>>>

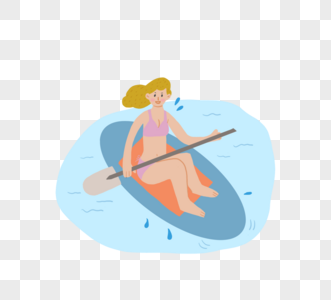 卡通风格夏季运动水上皮划艇图片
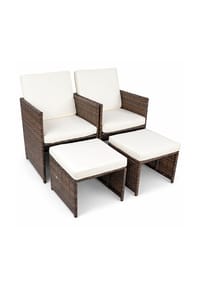 VCM. 4-tlg. Set Gartenstuhl | Loungestuhl Sessel | Maße pro Stuhl ca. H. 84 x B. 53 x T. 53 cm | Rattan | Balkonstuhl mit Sitzkissen - Raloso - VCM Raloso - Braun
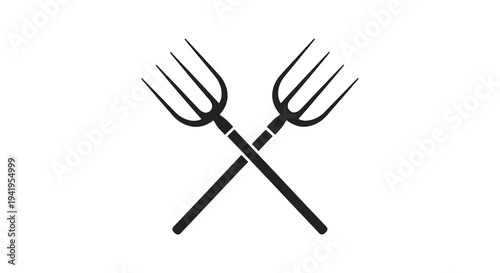 Two crossed farm pitchforks depicted in a stark black graphic style silhouette high quality professional detailed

<<<

**What you need to do**
All of the listing above has to be reproduced exactly, though without its images.

**Task result**
 卡通风格夏季运动水上皮划艇图片
 VCM. 4-tlg. Set Gartenstuhl | Loungestuhl Sessel | Maße pro Stuhl ca. H. 84 x B. 53 x T. 53 cm | Rattan | Balkonstuhl mit Sitzkissen - Raloso - VCM Raloso - Braun
 Two crossed farm pitchforks depicted in a stark black graphic style silhouette high quality professional detailed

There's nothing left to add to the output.